Gerard T. McDonough, the garrulous chairman of the Prince George's County Council, blew smoke from his cigarette in satisfaction. At 35, he is secure (a third term this November seems assured) in a job he loves, in a place that, for a child of the hard-scrabble coal country around Scranton, Pa., represents "the good life."

Gazing out the picture window at the lush, undulating fairway of the modest Marlboro Country Club, he recalled that he got into politics for the best possible reasons: He needed a job and he knew someone who could get one for him.

It was 1972 and McDonough was fresh out of the Marines, hoping to land a job with a defense contractor or, because of his flying experience, with a commercial airline. But the fuel crunch was beginning to hit the airlines and McDonough was running out of his savings. So he turned to the one politician he knew--his 22-year-old brother John--who told him of a possible opening at the county office building.

The aide to then-Council Chairman John Gerrity had just quit, so McDonough drove to Upper Marlboro for the interview. The job was his--the kid brother had paved the way--but the pay wasn't all that great. "It was $8,773 a year," recalled McDonough. "I'll never forget that, because I had just left a job in the Marines, as a captain, that paid $12,500."

But a job is a job, so he took it, and after two years of learning the ropes, McDonough, a gregarious guy to whom glad-handing comes naturally, ran for council in 1974. With the help of Winfield Kelly's Democratic political machine, to which he attached himself, he won easily. Four years later he was reelected, and this year he may not even have an opponent.
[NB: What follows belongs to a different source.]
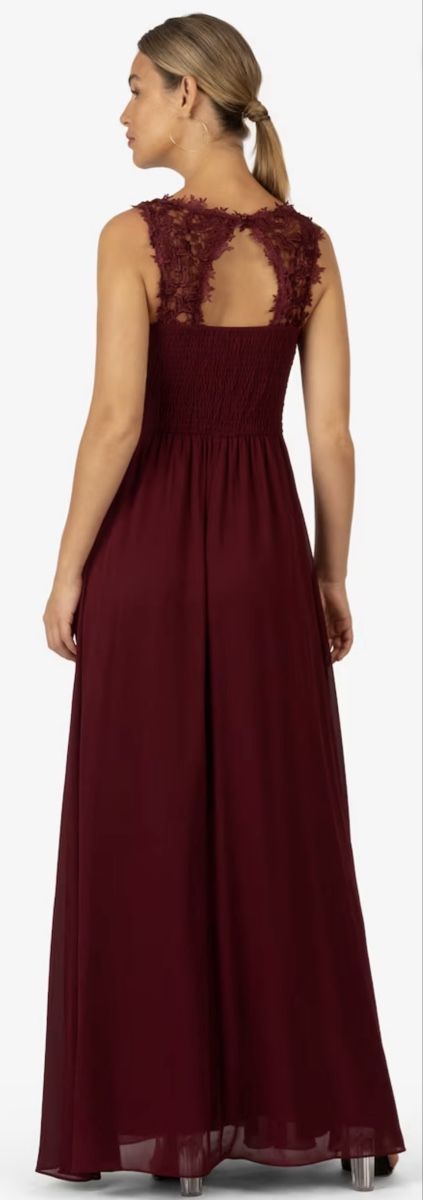 Vestiti: Robe de soirée bordeaux – Usato da Miécourt venduto da Mimi2946 3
McDonough is at the county office building four days a week, but on most Fridays, he squeezes into a silver flight suit ("If I had a 32-inch waist and no jowl, I'd be hell," he laughed) and heads for Andrews Air Force Base, one of the county's landmarks. At Andrews, Marine Reserve Major McDonough works on an F-4N, as a Navy flight officer or the GIB ("guy in the back" in Navy jargon). On training missions, he directs the pilot into position for firing one of the fighter jet's eight radar-guided Sparrow or heat-seeking Sidewinder missiles.

It's partly a love of flying that attracts McDonough to Andrews once a week (as an active reserve, he is required to practice only once a month), but it's also a matter of money. His county paycheck has increased almost four-fold since that first year--as council chairman he makes $30,317--but he says it's still not quite enough to pay the bills at his town house in the Largo subdivision of Prince Place II ("Isn't that obnoxious," he moaned), where he lives with his son Jerry, 13, and daughter Erin, 8 (McDonough is divorced).

The lack of serious opposition may make it easier for McDonough to oppose, after lukewarm support, the TRIM amendment that places a cap on county tax revenues. He believes the county government has managed to function without serious repercussions to basic services. "But this year," he said, "it's evident we're running out of room." Republican County Executive Lawrence J. Hogan's proposed budget, at the TRIM limit, is $8 million shy of what McDonough says is needed to fund legally binding agreements with county employes, primarily with its school teachers.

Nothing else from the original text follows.